William Forsyth, Dr. Garden, Joel Poinsette, and Andreas. Dahl is among the first to come to mind.
Was Forsyth as sunny a man as the cheerful yellow-flowered shrub bearing his name? Were Poinsette and de Bougainville as flamboyant as their namesakes?
Did Dr. Caspar Wistar regret the adaptation of his name that produced wisteria instead of wistaria to honor him?
Roses Named After Public Figures
Rose names alone are a fascinating field for investigation and speculation.
What a parade we would have if all the people could be assembled for whom roses have been named! Probably every profession and trade, every art and nationality would be represented.
Public figures from every land would pass before us — Francis Scott Key and General MacArthur, Amelia Earhart, Marechal Foch, Miss Edith Cavell, and Governor Alfred E. Smith. Can’t you see them?
Here come the glamor girls of the stage: Ellen Terry with Grade Fields, Sarah Bernhardt with Shirley Temple, Lily Pons and Dinah Shore, Rose Bampton, Greer Garson, and Rosalind Russell.
The writing profession could be led by Leonard Barron, Editor McFarland, Richardson Wright, and Pearl S. Buck. And the titled heads! They would range through countesses, dukes, earls, princesses, queens, and kings of every continent.
But perhaps most charming of all would be the debutantes of the rose growers’ own families, the bright-eyed daughters who have carried their proud fathers’ names from one generation of rose lovers to the next are the following:
- Alida
- Bess
- Mary Lovett
- Anne
- Karen
- Kirsten Poulsen
- Auguste
- Cathrine
- Minna Kordes
- Margaret McGredy
- Marie Guillot
- Angele Peraet
- Joanna Hill
- Betty Prior
- Dagmar Spath
- Charlotte Armstrong
- Dorothy Perkins
- Ema Grootendorst
- Lucy Nicholas
- Chaperoned by Maman Cochet and Mutter Brada
Whose Ami Was Quinard
But who were the many, many others whose names have been given to roses? Who was D. Maria do Carmo de Fragoso Carmona? Who, for that matter, was Betty Uprichard? Whose Ami was Quinard?
Maid Marion and Queen Mab should strike up a friendship, but Annie Laurie might not take so well to Long John Silver.
Rose names aside, one can enjoy a field day in continent-hopping by skimming over a list of plant names!
Bombay sumbul, Mecca myrrh tree, Siam gamboge tree, Burma toon, and Sierra Leone copal tree set the tom-toms and temple bells ringing in one’s ears. Almost every state 1ms lent its name to some species of plant.
To imagine the circumstances under which each species was discovered and classified and the uses to which it has since been put would be a task indeed.
A Witch’s Bouquet
Is there a dark corner of your soul that shows itself only in the dead of a dreary night? Then perhaps in your garden of memories, you will want to plant some black henbane, Java devil pepper, and Gargan death carrot, bordered by bushman’s poison and bitter nightshade.
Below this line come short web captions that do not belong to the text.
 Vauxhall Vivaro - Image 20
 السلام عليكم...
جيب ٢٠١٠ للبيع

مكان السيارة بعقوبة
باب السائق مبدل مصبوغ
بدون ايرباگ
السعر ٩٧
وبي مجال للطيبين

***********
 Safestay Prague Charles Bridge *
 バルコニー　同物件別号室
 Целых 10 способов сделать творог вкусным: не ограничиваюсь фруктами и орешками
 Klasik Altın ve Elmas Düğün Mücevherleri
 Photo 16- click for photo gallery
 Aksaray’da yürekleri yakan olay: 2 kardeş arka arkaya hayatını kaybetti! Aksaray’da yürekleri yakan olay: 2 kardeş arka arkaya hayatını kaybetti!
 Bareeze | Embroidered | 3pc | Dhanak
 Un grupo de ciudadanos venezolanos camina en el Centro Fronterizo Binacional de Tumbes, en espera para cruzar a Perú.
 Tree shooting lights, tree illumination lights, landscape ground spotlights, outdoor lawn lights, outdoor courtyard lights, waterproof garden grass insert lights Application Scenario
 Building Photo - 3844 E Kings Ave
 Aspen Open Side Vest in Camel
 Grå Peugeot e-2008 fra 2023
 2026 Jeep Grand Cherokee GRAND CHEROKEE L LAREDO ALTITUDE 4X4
They should make a nice witches’ bouquet.
And for comedy relief, you might point out your guinea peach fathead tree, your cablin’ patchouli, your wooly bucket bumelia, your gumbo limbo, your fish fuddle tree, or your risky tread softly.
“What’s in a name?” There’s a great deal in a plant name — romance and history, adventure and imagination. The name itself is part of our priceless heritage in the world of plants.